* **Information supplied**
= Beginning of Section =

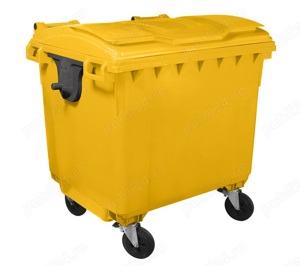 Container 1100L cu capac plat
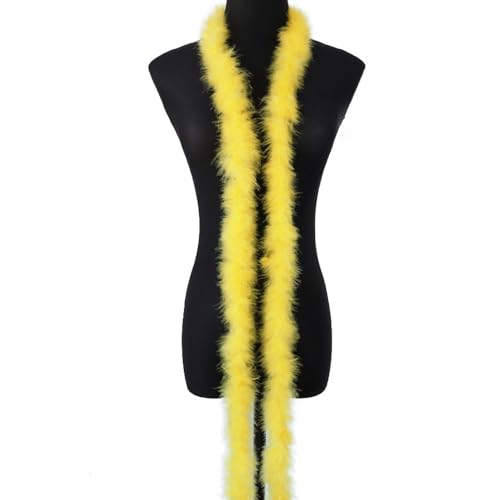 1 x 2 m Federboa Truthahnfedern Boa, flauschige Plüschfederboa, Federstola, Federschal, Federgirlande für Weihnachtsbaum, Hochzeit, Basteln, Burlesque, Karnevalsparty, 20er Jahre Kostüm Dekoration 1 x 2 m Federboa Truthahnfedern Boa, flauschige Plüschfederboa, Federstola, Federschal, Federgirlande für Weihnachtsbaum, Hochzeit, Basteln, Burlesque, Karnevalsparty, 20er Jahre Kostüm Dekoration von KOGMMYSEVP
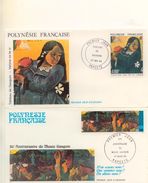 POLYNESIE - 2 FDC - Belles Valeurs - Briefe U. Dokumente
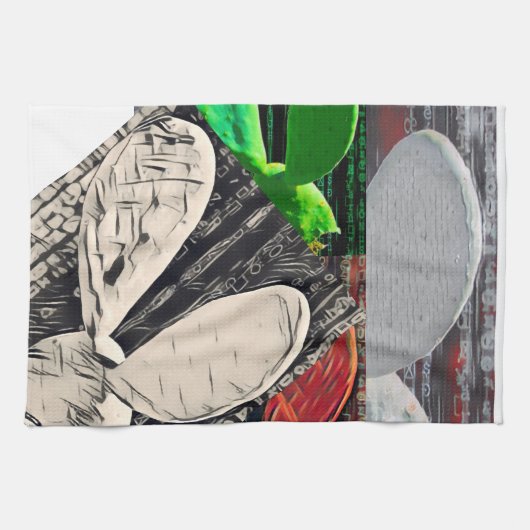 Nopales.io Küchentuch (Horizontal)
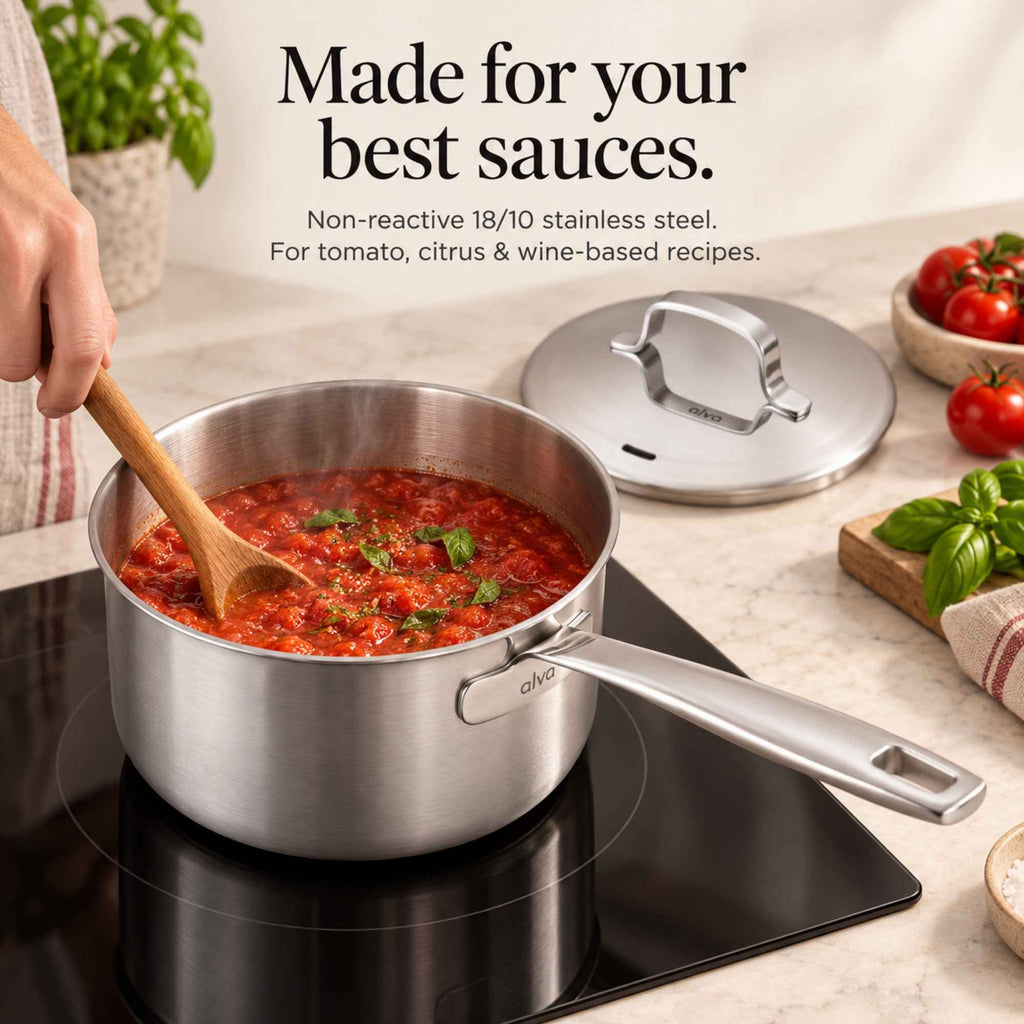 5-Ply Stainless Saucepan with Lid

= End of Section =
= Beginning of Section =

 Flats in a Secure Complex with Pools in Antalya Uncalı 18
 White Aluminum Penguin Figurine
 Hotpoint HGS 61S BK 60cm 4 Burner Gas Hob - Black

= End of Section =
= Beginning of Section =

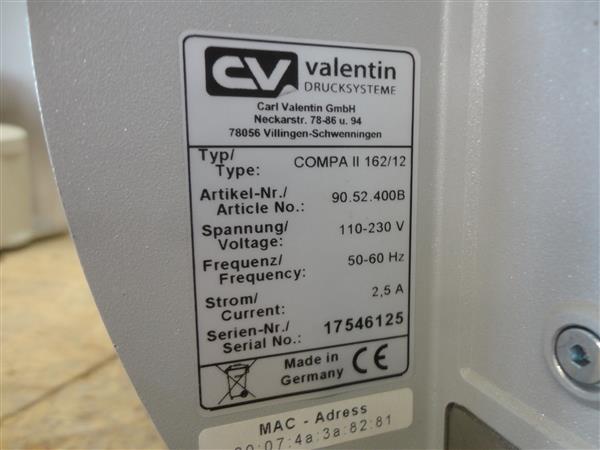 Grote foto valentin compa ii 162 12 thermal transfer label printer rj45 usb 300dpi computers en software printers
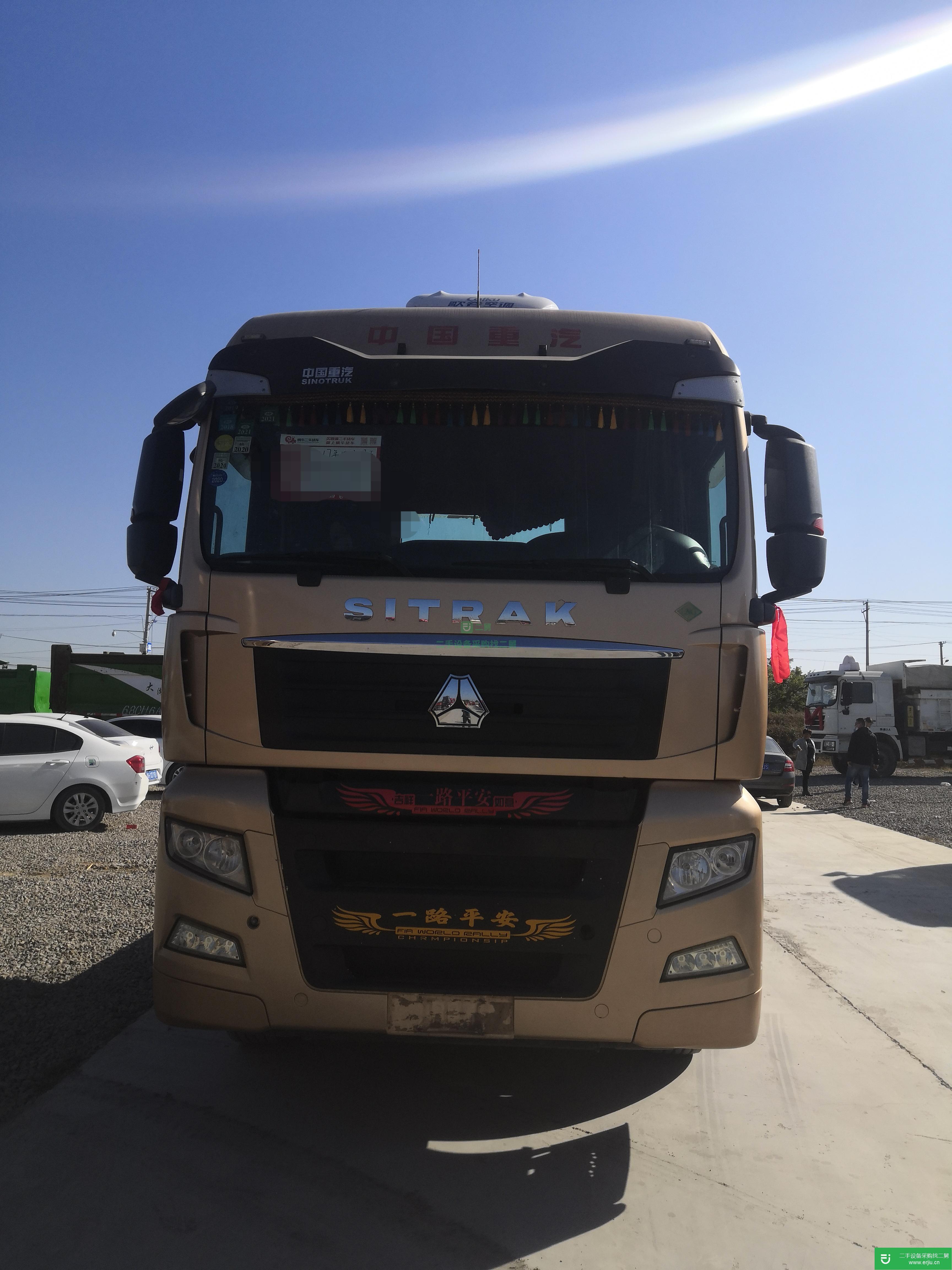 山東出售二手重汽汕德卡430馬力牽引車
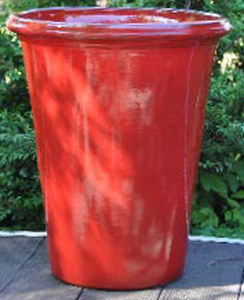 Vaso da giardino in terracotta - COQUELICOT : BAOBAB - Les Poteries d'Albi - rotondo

= End of Section =

* **The problem**
Above are the records; copy exactly the lines from the one with "POLYNESIE - 2" through the one with "5-Ply Stainless Saucepan with Lid", including both, and nothing more. Leave out pictures.

* **Written answer**
 POLYNESIE - 2 FDC - Belles Valeurs - Briefe U. Dokumente
 Nopales.io Küchentuch (Horizontal)
 5-Ply Stainless Saucepan with Lid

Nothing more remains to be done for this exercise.